Arland v. State

788 P.2d 1125 | Wyo. | 1990

788 P.2d 1125 (1990)

Susan A. ARLAND, Petitioner (Defendant),
v.
STATE of Wyoming, Respondent (Plaintiff).

No. 89-145.

Supreme Court of Wyoming.

March 15, 1990.

Leonard D. Munker, State Public Defender and M. David Lindsey, Cheyenne, for petitioner.

Joseph B. Meyer, Atty. Gen., John W. Renneisen, Deputy Atty. Gen., Karen A. Byrne, Senior Asst. Atty. Gen., Theodore Lauer, Director of Prosecution Assistance Program, and Philip W. Jussel, Student Intern, for respondent.

Before CARDINE, C.J., and THOMAS, URBIGKIT, MACY and GOLDEN, JJ.

URBIGKIT, Justice.

This appeal involves the prospective-retrospective status of changes this court has made by amendments to the Wyoming Rules of Criminal Procedure. Specifically addressed is W.R.Cr.P. 36 (similar to the prior F.R.Cr.P. 35) relating to authority of the trial court to alter or amend a criminal sentence after entry.

Petitioner, Susan A. Arland, plead guilty to embezzlement and larceny by bailee in taking money from her employer, The Learning Center of Teton County, as offenses charged in multiple counts. On March 27, 1987, she was sentenced to confinement at the Wyoming Women's Center for a term of three to five years and required to make restitution of $38,889.83, which was "reduced to judgment" by the sentence. Arland, thirty-nine and divorced, had a fourteen year old daughter and no previous criminal involvement.

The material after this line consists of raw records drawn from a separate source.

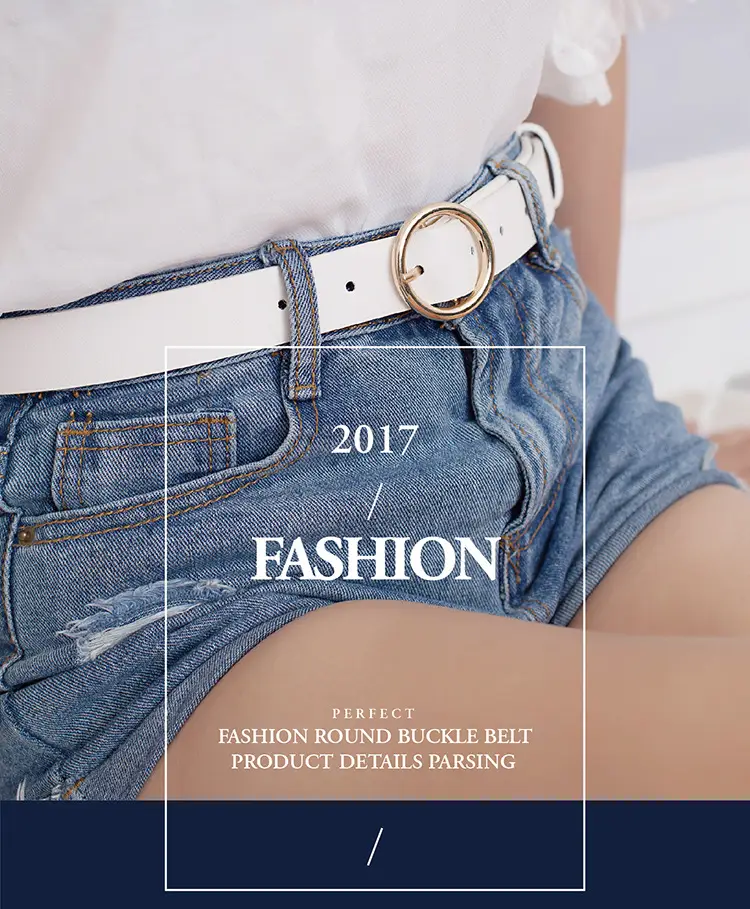 Women's Brown PU Leather Round Buckle Belt — feature 12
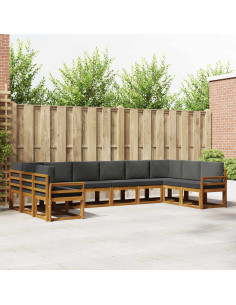 Set di divani con cuscino 10 pcs Naturale e Antracite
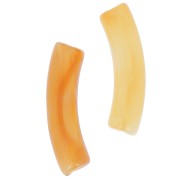 Cuentas acrílicas transparentes 32x8 mm tubo curvo - Apricot Marble x6
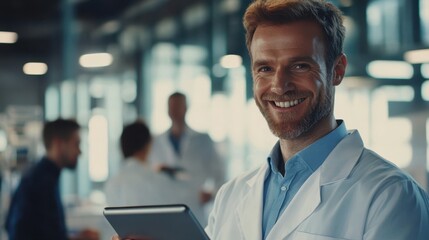 The Smiling Scientist with Tablet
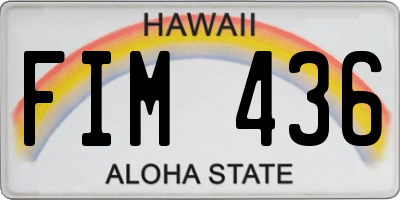 HI license plate FIM436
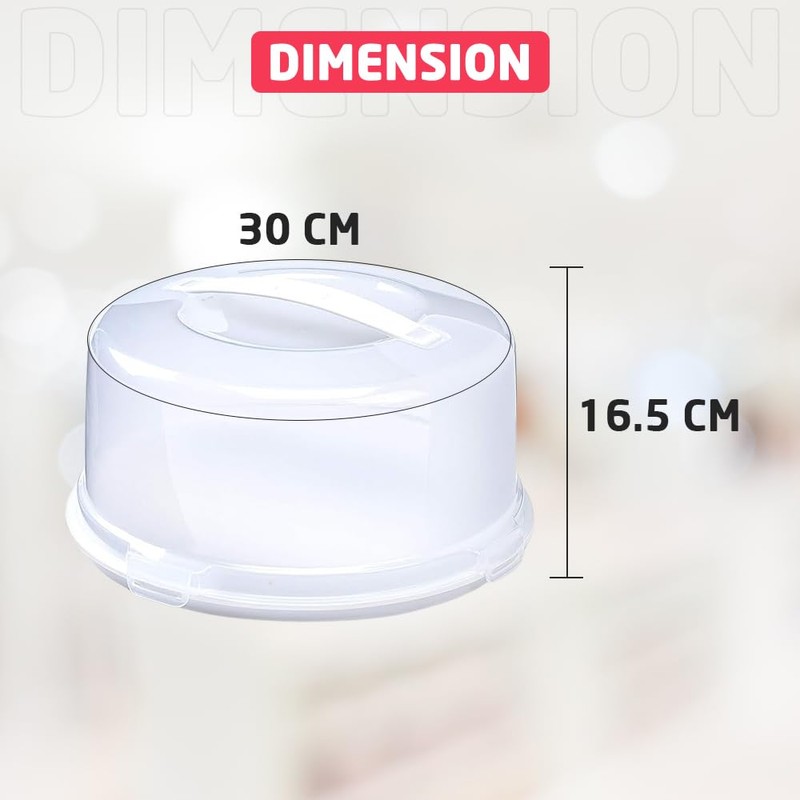 ACCURATE ACCURATE Plastic Cake Box, White (ROUND)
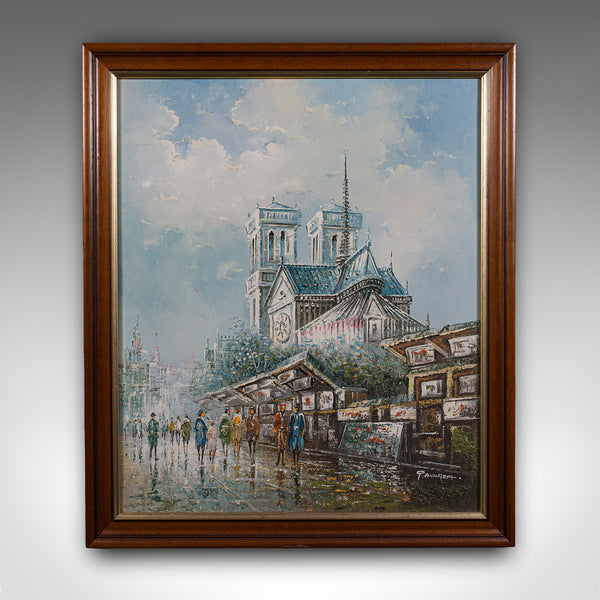 Vintage Paris Painting, French, Oil on Canvas, Notre Dame, Signed, Original Art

On July 7, 1987, Arland moved for a sentence reduction premised on a favorable report from the women's confinement institution. The county attorney objected and the formal official record then ends without any action on her motion.[1] After receipt of *1126 the letter, Arland pursued a continued course of "appeal" efforts to secure reduction of her sentence or at least require a ruling by the trial court. It is from those efforts that this case finally comes to this court pro se and is accepted as a petition for writ of certiorari. The writ of certiorari was issued to consider the question of the jurisdiction of the trial court to rule on the motion for sentence reduction when the motion was filed on July 7, 1987 and not decided within 120 days from the date of entry of the sentence.[2]

The history of W.R.Cr.P. 36 defines the retroactive inquiry presented for Arland by her contest to the decision of the trial court. W.R.Cr.P. 36, then identical to F.R. Cr.P. 35, was first approved by this court effective February 11, 1969. Following some earlier federal rule amendments, in March 1987, W.R.Cr.P. 36 provided:

The court may correct an illegal sentence at any time and may correct a sentence imposed in an illegal manner within the time provided herein for the reduction of sentence. The court may reduce the sentence within 120 days after the sentence is imposed, or within 120 days after receipt by the court of a mandate issued upon affirmance of the judgment or dismissal of the appeal, or within 120 days after entry of any order or judgment of the Supreme Court having the effect of upholding the judgment of conviction. The court may also reduce a sentence upon revocation of a probation as provided by law.

Analysis of that language developed the question whether jurisdiction was ended when, for whatever reason, the trial court failed to rule within 120 days following entry of the sentence. Cf. Nelson v. State, 733 P.2d 1034 (Wyo. 1987).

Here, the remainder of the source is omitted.